[Start of Attachment]

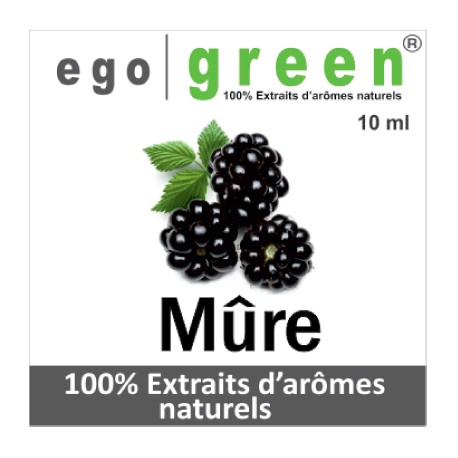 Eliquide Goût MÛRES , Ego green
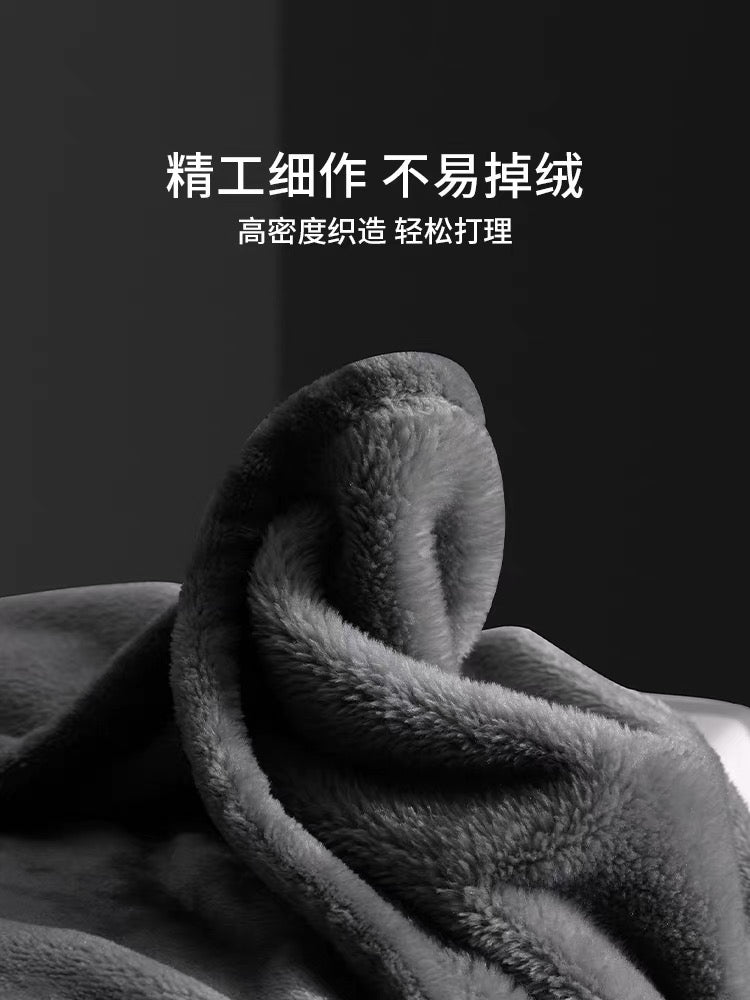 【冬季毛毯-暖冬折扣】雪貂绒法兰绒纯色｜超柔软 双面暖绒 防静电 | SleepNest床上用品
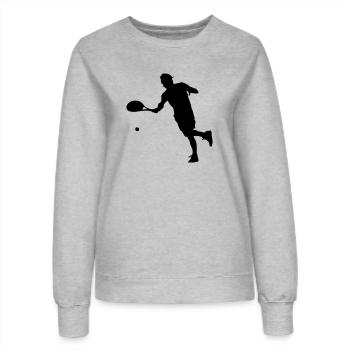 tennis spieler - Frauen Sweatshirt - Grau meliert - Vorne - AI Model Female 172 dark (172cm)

[End of Attachment]
[Start of Attachment]

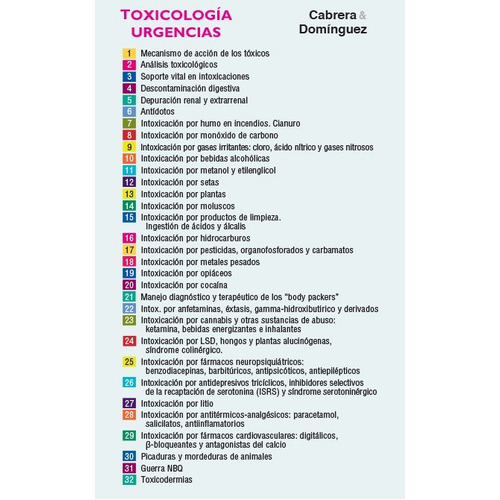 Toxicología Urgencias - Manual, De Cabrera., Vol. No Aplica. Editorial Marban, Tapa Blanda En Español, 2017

[End of Attachment]
[Start of Attachment]

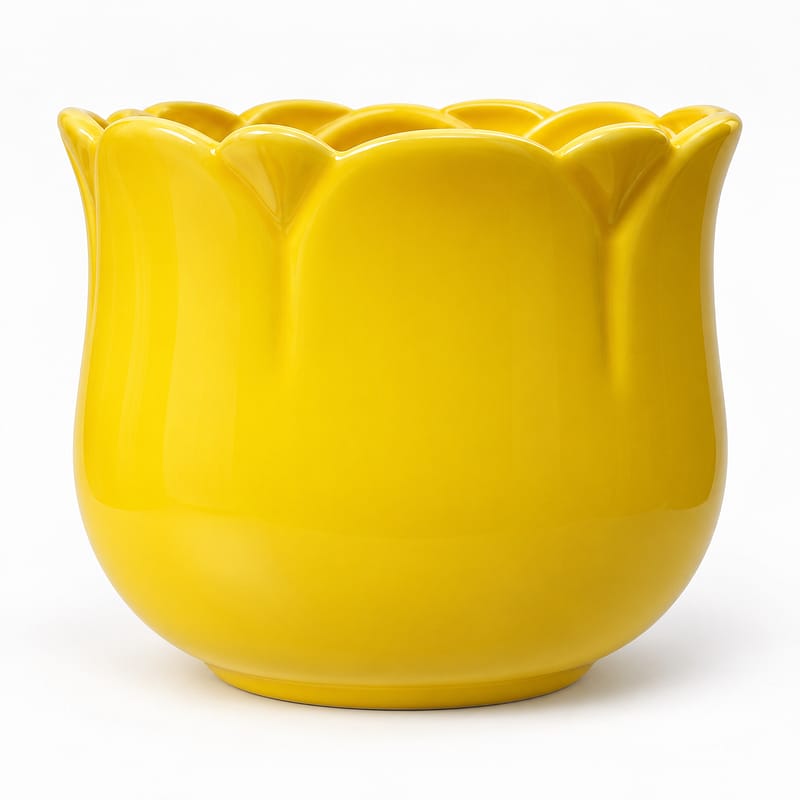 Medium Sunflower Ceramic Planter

[End of Attachment]

An exact copy of the lines above from the one with "Eliquide Goût MÛRES , Ego green" up to and including the one with "tennis spieler - Frauen" is required; reproduce only those lines, omitting all pictures.

 Eliquide Goût MÛRES , Ego green
 【冬季毛毯-暖冬折扣】雪貂绒法兰绒纯色｜超柔软 双面暖绒 防静电 | SleepNest床上用品
 tennis spieler - Frauen Sweatshirt - Grau meliert - Vorne - AI Model Female 172 dark (172cm)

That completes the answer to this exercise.